Tal vez los dieciséis años que pasaron entre Muñecos chicos y el primer libro de cuentos que publicó el autor dicen algo del cultivo acompasado que acerca su escritura al bonsai como arte. Un proceso de maduración que parece trasladarse a la lectura, cuando cierto espesor oculto en la simplicidad aparente de los cuentos fuerza a leerlos repetidamente. “Muy bueno su cuento, lo estoy leyendo a toda velocidad y creo que lo terminaré luego”, le dijo una vez, a propósito de “El dinosaurio”, un ocurrente lector a Monterroso. Y en esa ironía se revela cómo en la precisión miniaturista, en los meandros de ese género siempre escurridizo para el que Cortázar creó el neologismo de “textículos”, el sentido se empecina en su diferimiento. Por eso varios de los cuentos de Muñecos chicos no son aptos para el tipo de lector que Flannery O’Connor ilustraba con su tía: un lector para quien nada sucede en un relato, a menos que al final alguien se case o cometa un crimen. Cuando no hay argumento en el sentido tradicional de la palabra, la escritura de Lipcovich se acerca al ensayo o al poema en prosa, y allí es donde –con rigor kafkiano– los textos se construyen a partir de lo que callan. Donde pueden remitirse a varios referentes y a la vez negarse a casi todos ellos.

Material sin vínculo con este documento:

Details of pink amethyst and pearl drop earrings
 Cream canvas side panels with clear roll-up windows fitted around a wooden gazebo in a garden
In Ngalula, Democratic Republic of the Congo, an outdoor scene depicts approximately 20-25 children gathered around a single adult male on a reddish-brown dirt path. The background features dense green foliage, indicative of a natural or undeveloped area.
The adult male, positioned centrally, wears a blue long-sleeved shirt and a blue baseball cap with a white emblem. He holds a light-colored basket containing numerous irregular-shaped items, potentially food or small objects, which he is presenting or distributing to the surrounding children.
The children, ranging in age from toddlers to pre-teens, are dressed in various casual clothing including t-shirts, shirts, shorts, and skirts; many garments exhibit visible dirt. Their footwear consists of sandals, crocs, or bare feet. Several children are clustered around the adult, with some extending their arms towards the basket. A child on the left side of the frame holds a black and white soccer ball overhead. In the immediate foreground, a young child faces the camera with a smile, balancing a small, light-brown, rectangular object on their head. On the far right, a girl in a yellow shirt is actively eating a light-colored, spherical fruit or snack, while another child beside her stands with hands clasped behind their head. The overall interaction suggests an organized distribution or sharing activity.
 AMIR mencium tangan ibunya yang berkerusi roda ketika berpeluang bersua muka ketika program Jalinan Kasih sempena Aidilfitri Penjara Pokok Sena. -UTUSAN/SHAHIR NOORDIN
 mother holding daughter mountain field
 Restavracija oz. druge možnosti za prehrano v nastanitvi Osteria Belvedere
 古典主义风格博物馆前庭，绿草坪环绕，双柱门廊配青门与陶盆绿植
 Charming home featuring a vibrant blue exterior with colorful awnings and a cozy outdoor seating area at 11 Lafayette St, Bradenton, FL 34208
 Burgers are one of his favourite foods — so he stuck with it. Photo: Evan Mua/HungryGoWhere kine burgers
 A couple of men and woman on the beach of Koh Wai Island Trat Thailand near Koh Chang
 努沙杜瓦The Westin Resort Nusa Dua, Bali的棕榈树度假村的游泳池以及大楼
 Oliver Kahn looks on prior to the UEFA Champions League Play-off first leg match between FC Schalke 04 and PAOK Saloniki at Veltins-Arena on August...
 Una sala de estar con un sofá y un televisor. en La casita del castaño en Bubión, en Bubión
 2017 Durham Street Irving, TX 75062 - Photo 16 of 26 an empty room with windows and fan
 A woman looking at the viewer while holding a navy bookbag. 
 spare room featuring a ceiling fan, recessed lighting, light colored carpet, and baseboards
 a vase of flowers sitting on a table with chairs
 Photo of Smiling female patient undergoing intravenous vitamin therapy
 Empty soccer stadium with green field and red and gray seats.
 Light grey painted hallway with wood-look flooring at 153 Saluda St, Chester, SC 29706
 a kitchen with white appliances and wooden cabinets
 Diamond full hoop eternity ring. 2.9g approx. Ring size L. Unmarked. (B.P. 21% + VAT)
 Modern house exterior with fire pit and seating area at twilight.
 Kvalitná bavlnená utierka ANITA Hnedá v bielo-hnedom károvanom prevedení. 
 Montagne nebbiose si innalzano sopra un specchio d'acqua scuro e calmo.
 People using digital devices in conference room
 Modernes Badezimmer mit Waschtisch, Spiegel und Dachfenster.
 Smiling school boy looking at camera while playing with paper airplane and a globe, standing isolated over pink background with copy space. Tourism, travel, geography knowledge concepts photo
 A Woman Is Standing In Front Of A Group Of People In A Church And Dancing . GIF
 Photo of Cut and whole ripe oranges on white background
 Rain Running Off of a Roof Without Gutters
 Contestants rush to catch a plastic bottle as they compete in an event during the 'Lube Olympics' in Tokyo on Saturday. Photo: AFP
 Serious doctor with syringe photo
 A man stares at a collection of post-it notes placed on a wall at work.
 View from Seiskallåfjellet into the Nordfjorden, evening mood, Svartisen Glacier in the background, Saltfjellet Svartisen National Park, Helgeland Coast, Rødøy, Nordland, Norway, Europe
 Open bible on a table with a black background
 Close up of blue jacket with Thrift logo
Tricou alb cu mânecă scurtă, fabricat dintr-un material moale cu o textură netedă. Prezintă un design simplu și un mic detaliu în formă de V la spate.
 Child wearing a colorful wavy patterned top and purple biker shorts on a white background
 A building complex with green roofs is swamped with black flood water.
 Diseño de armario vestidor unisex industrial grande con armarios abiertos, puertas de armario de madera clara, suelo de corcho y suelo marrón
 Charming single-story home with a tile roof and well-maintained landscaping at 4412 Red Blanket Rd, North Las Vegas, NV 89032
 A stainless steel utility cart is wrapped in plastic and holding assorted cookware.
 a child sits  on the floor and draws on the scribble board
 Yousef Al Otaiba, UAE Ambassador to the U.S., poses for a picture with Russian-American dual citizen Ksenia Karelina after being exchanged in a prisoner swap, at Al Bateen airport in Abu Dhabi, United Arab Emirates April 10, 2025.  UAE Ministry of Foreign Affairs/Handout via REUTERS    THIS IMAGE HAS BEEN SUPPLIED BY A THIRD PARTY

“La brevedad del cuento tiene la virtud de ceñirse a los impulsos cortos de la vida”, escribió alguna vez Enrique Anderson Imbert. Más de quince años tardó Pedro Lipcovich en volver a publicar un libro de relatos, y en descubrir en ellos la indiscreción de una mirilla que a muchos escritores se les niega. Habrá que asomarse, pues, junto con él, a esa caja en la que “los muñecos juegan a los muñecos” por las noches, que aparece en uno de sus cuentos. A ese Lilliput de ficciones adorables en que el autor ha dejado entreabierta la puerta.